### AIM OF THE EXERCISE
Review the material line by line. Identify and copy every line that contains the string "with".

━━━━━ RECORDS SUPPLIED ━━━━━

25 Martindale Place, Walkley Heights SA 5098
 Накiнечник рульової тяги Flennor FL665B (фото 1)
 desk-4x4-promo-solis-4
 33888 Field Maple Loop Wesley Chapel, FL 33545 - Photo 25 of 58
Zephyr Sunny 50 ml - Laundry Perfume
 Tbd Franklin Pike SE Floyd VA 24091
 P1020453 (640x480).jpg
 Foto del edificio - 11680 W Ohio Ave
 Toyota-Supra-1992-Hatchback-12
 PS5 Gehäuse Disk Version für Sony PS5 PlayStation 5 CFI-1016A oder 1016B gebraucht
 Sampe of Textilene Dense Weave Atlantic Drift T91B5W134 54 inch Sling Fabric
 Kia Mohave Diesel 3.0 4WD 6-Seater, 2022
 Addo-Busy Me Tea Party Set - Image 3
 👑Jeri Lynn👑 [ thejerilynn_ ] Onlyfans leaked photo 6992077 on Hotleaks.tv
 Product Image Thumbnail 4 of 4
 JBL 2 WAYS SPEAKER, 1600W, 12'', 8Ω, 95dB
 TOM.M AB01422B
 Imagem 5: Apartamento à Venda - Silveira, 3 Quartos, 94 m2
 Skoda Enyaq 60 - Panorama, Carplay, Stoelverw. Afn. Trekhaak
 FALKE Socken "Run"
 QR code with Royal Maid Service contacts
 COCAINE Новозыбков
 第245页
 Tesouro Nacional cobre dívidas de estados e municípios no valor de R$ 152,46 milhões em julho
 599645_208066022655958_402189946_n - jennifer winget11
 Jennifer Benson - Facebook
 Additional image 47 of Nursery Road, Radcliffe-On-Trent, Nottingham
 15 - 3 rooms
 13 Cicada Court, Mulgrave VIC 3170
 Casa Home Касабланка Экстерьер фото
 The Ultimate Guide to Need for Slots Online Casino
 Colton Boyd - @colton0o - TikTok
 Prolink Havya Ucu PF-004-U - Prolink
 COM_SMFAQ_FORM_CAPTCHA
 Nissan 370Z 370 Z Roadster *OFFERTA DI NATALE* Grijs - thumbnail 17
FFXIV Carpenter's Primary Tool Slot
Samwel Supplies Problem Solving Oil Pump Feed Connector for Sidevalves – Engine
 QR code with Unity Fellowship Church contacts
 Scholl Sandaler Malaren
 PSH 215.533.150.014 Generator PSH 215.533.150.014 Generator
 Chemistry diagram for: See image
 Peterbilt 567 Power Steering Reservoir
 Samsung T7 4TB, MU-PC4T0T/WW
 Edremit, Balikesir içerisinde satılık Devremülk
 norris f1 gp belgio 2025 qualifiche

━━━━━

### ANSWER TO THIS TASK
 QR code with Royal Maid Service contacts
 QR code with Unity Fellowship Church contacts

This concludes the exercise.